National Security Minister announced a new joint initiative on Monday, to find 100 unemployed or under-employed Bermudians jobs in one day, at an upcoming job fair to be held later this month.
A fair will be held on Monday, March 26, at the Hamilton Seventh-Day Adventist Youth Centre from 4pm to 7pm, in partnership with Workforce Development.
The new initiative, is the follow through on the Progressive Labour Party’s pre-election promise and subsequent landslide voter support for change.
But in the same breath the Minister recalled that both he and his Cabinet colleague, recently had lunch at a local restaurant, with more than 15 people working, but not one of them was a Bermudian.
He conceded that this will not wipe out the cheap labour factor,but he said the main goal was not only to get Bermudians back to work, but for local employers to recognise that we all “have to row in together” to make this country work for all.
“They have to be able to see their part in making Bermuda a better place.” And part of that he said, includes taking on “somebody that might be broken”.
“We’re not asking people to hire gang nominals. We’re saying that if you give people an opportunity, we’re going to see a decrease in people trying to be on social services.

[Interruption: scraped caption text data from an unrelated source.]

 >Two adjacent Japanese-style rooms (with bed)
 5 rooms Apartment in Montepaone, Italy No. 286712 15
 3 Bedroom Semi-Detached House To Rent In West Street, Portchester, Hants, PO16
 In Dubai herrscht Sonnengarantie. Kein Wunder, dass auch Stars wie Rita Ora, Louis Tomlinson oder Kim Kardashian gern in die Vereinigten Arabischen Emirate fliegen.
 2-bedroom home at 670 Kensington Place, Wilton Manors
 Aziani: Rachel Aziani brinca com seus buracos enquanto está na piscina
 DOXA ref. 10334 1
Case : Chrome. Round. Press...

“We’re going to see a decrease in people being involved in gangs… a decrease in the people that are involved in anti-social behaviour.
“We’re asking our community partners to be a part of the solution in this country. And many of them are,” he said.

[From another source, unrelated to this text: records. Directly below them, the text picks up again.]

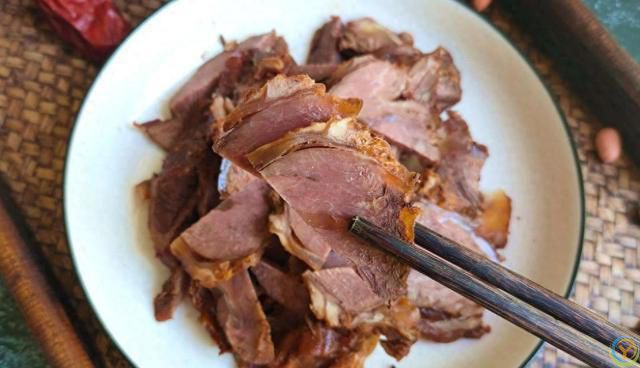 香气四溢，回味无穷的传统美味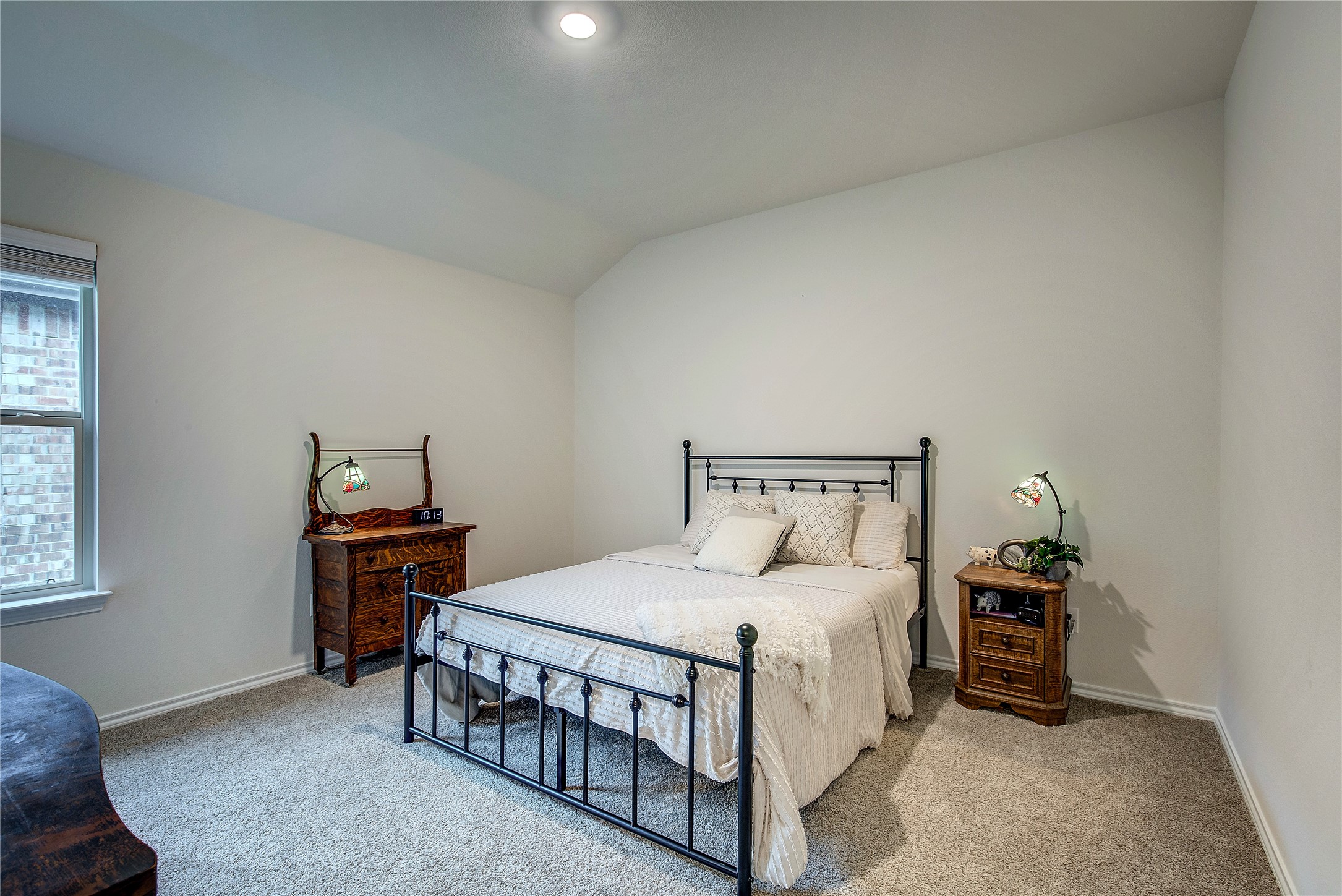 1812 Chandelier Crossing Crandall TX 75114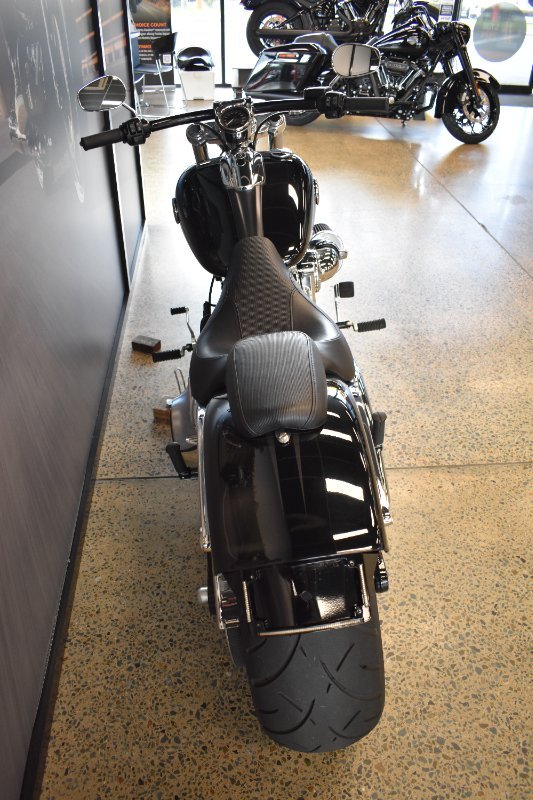 2017 HARLEY-DAVIDSON FXSB SOFTAIL BREAKOUT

To that end, he invited local employers to attend the meeting planned for March 15, at the Police Recreation Club from 5:30 to 6:30pm.
Joined by Education Minister Diallo Rabain and Gang Violence Reduction Coordinator, Pastor Leroy Bean, Mr Caines said there’s “no specific demographic” and that they’re looking for anyone over the age of 18.
That includes unemployed middle-aged workers who worked in insurance or reinsurance who were made redundant.
“We want to take people from ACE, XL, we want to go to carpenters, we want to get a myriad of people. We want everyone in this country to row in together.
“This is an opportunity for you to look at our country… We want you to commit to hiring one person. And if we do this a hundred times we believe that this will be a significant dent.”
Bermuda Real asked the Minister to speak to the narrative that Bermudians bear the brunt of unemployment while non-Bermudians hold low paying jobs because they’re lazy and don’t want to work.
He conceded that the “big factor is whether or not Bermudians can afford to work for $6-$7 an hour”.
While noting that the Government is “looking at a workable – living wage”, he said: “I do believe that you’re absolutely right,”
As Bermudians he said: “We have to pay rent, we have to pay for our kids to go to nursery and to school.
“Often times this is couched as Bermudians being lazy – as Bermudians not being willing to work.
“When we have conversations with the employers these will be the things that we will discuss with them – the opportunity to give people a real opportunity in Bermuda.”
He recounted how most recently, both he and Minister Rabain, had lunch at a local restaurant, where “over 15 people working”
“There was not a one Bermudian working. I saw this not as a problem, but as a huge opportunity.”
But as a country, he said: “For a long period of time we have allowed ourselves to be sidelined.”
Working with Workforce Development “allows for us to look at what the skill sets are and to build, because you’re going to have people coming in that are not employed”.
“But they have a strong history of employment – they just need to be put back in the game,” he said.
“There are people that are learning and would need to learn a trade, and they would have to be moved onto an opportunity that allows them to apprentice. There are people that will have learning challenges. There are people that would have learning deficiencies.
“What Workforce Development does is that they triage. They put them in specific buckets and it allows us to meet the needs of people within our community.
“But let’s be clear, you have highlighted some clear facts that there are a number of Bermudians that are unemployed,” he said.
And on that note he said: “We were voted in to make some changes and this is a part of us keeping our promise to the people of Bermuda,” before vowing to facilitate “a hundred jobs in one day”.
“But the key is that we believe as a community we have to do it together.”
On a day-to-day basis”, he said both he and Mr Rabain “meet young, middle-aged and older Bermudians who just want to work”.
“They do not do not want to be sidelined, they want to be able to take care of their responsibilities. And I think there are employers that literally want to employ Bermudians that are well trained, and that they can get back in the field.
“And we’re simply going to be the conduit for bringing these people together. We want to give people a chance.”
“We want to give people that are not working to have the opportunity to feed their families.”
Minister Rabain urged job seekers to add their names to the department’s list.
“We cannot refer your name unless you come to our department to sign up for the unemployment register.”
“The challenge is not getting people that need jobs. The challenge is to get employers in the room.”
He encouraged unemployed residents “to come in and register”. Once registered, they’re assessed and “they are also matched with jobs that may have come in via the Job Board”.
“Or we have categories that are what we call closed categories that have to come to Workforce Development to see if we have anyone in our database,” said Mr Rabain, who stressed that the department is a “career preparation centre” and “not an employment agency”.
“We take people and we figure out what needs to be done with them to make them more employable and then we coach them, we give them things like resume writing skills, interviewing skills and the like.”